The poll was conducted by the market and social research firm Leger from March 12 to 16, 2020, and included a sample size of 1002 randomly selected respondents from across the province. Quotas and weighting were employed to ensure that the sample’s composition reflects that of the Alberta population according to census parameters. The poll was conducted using Leger’s online panel, which includes over 450,000 Canadians. For comparative purposes, a probability sample of 1000 Albertans is accurate within ± 3.5 percentage points, 19 times out of 20.

Morrison says she can only hope that this time next year, that the parks listed from the south zone will still be part of the parks system and publicly managed by the government.  She points out if the announcement goes forward, closed sites and parks that revert to public land without a partner organization would no longer be serviced or maintained by Alberta Parks. This includes facilities such as fire pits, garbage disposal and outhouses. Elimination of these services at these parks sites would lead to greater impact on lands and waters and lead to diminished user safety and experience, including garbage, wildlife conflicts, unmanaged human waste, erosion and risk of wildfires.  In fact just this past weekend Alberta Parks posted that sites with reduced services due to COVID19, many parks are seeing increased garbage and human waste.  

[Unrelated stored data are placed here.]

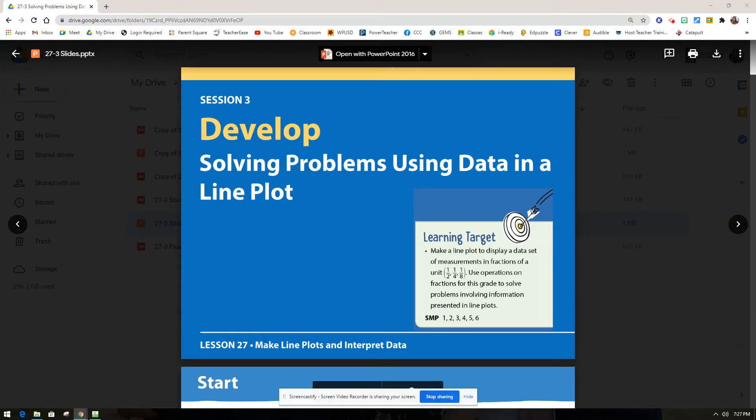Hi, welcome to Ready Classroom Lesson 27 Session 3. Today we're going to be looking at how we can solve problems using data in a line plot. We have learned all about line plots and how to create them. Now we're going to figure out what to do with the information we have in a line plot. We're going to be working in our Ready Classroom math workbooks on pages 563 through 568, so go ahead and turn to page 563 now.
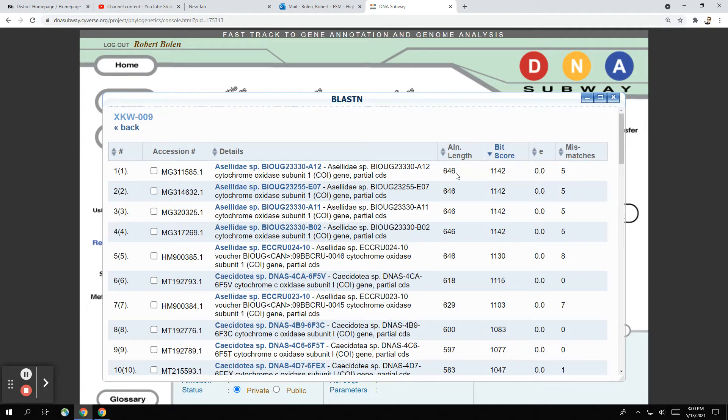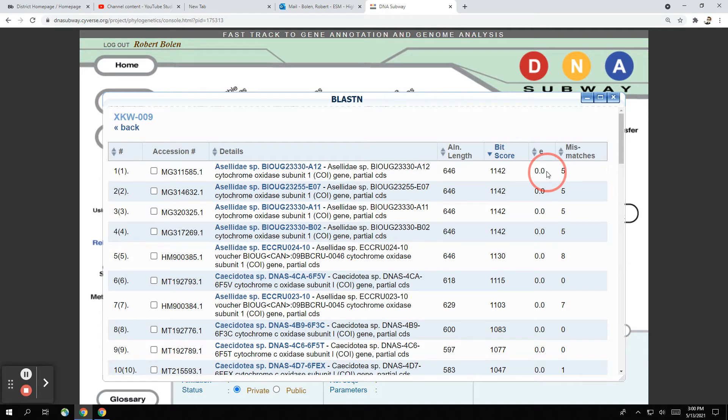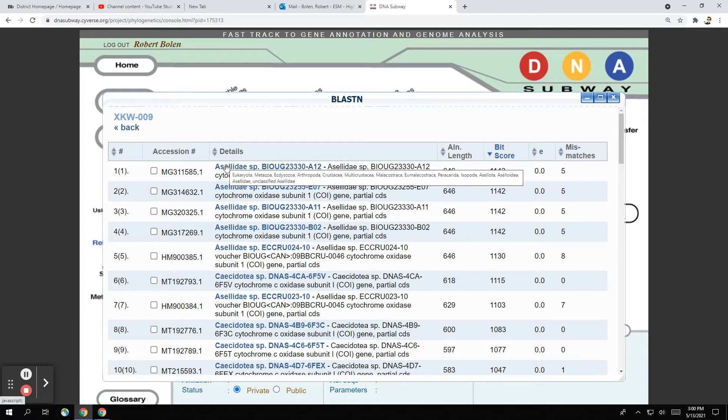This tells you how long your sequence is, this tells you the quality. The higher the number of the bit score the better quality we have. The E-value is a statistical number. If it's zero, that means that statistically there's very little, if any, error. And the five mismatches tells you how many nucleotides our top hit is different from our actual sequence that we have.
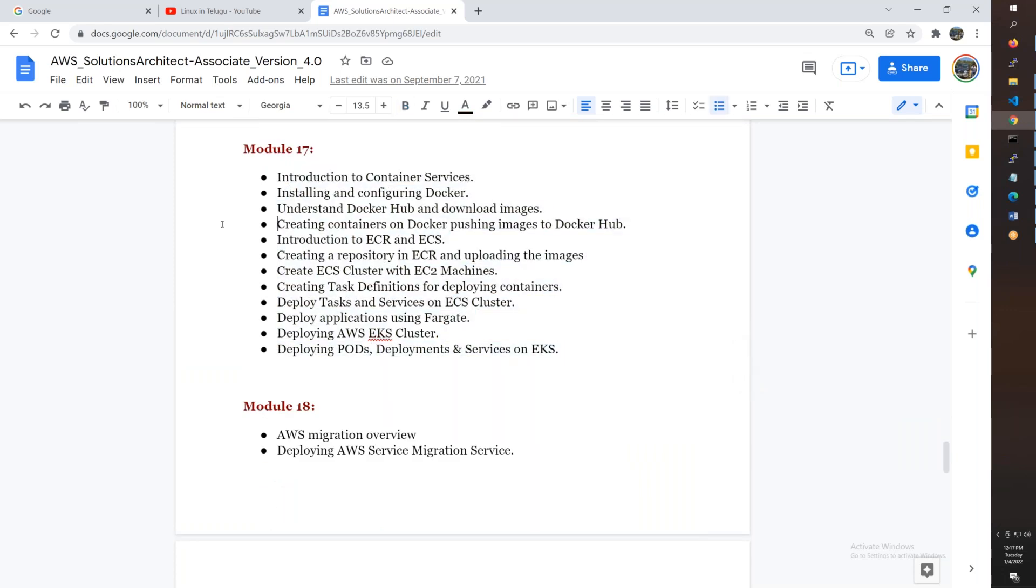Certificate Manager and Route 53. Then Docker introduction - what is Docker, what are containers. ECS, EKS, ECR - how to push images to ECR, deploy to Fargate and ECS, and Kubernetes with EKS. You'll understand the difference between Kubernetes and EKS.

“We are definitely concerned that this would be the fate of the parks that do not have active management.,” she explains. “Those that do find partners are at risk of increased costs of access or changes to more industrial or commercial uses. Private operators are not accountable to Albertans or to maintaining conservation values and quality outdoor experience. Alberta’s parks should not be managed for profit. Commercial uses not currently permitted or promoted in parks could be developed in these areas once they become public land.”

CPAWS wants residents to write the Minister of Environment and Parks and locals MLA their displeasure at .

”Everyone can make a difference and force the government to rethink this decision. If these parks are removed from the system, they will lose the environmental protections and quality recreation infrastructure that are affordably provided to all Albertans,” explains Morrison.